When typecasting an child class's object to parent class, what happens with the variables of the object?

133 Views Asked by At
class HelloWorld 
{
    public static void main(String[] args) 
    {
         A a =  new B();
         System.out.println(a.getX()); 
         a.show();
    }
}

class A {
    int x = 10;
    
    public A() {
    }
    
    public int getX() {
        return x;
    }
    
    public void show(){
        System.out.println("A show");
    }   
}

class B extends A{
    int x = 20 ;
    
    public B() {
        super();
    }
    
    @Override
     public void show(){
        System.out.println("B show");
    }
}

Why is the output this?

10
B Show

I understand 'B Show'. Since the object is of class B, it will call the method that is overridden in B. But do not understand why it is printing '10' in output even though the object of B has value of x equal to 20. Please help me understand this.

1

There are 1 best solutions below

0
rzwitserloot On
  • All Bs are As with extra bells and whistles. That's what extends A {} means.
  • Fields inherit for free. In fact, because fields do not have an implementation (merely defining them is where it ends), if you declare a field with the same name in a subtype, you now have 2 fields. Thus, your B instances have 2 fields. They are both named x but are completely separate fields. In real code you should never do this; it's very confusing.
  • Removing int x; from your B class means B still has a field of type int named x - it inherits that one from A. It just means it now doesn't also have a second field also named x also of type int.
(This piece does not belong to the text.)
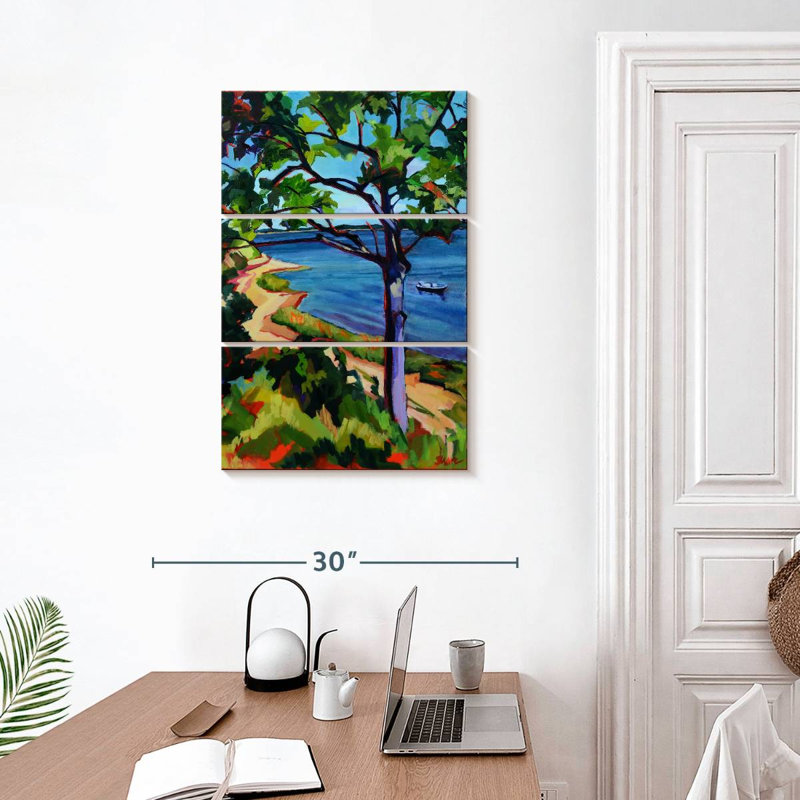 Masam Little Pleasant Bay, H 32 po x l 20 po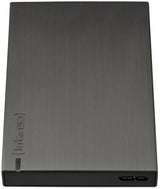 Intenso externe harde schijf 1TB 5400 RPM 2.5" USB Type-A 3.2 Gen 1 (3.1 Gen 1) Zwart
The 'name' of a method in java is not just the method name, it also includes the parameter types. You can't override' unless they match. In other words:

class A { 
  void foo(int x) {}
}

class B extends A {
  void foo(long y) {}
}

Here B's foo method is not the same name as A's and therefore foo does not override. If you slap an @Override on it, you'll get a compiler error. It is not possible to cause B's foo code to run with A a = new B(); a.foo(5); because given that the reference here (a - a pointer, variables point at objects) is of type A, the compiler doesn't know about B's foo(long) method and thus couldn't possibly call it here. Make that B method void foo(int x) and that is an override and A a = new B(); a.foo(5); would call B's, not A's, because java does dynamic dispatch.

The same principle applies to fields. With A a = new B(); a.x refers to the x field defined in class A.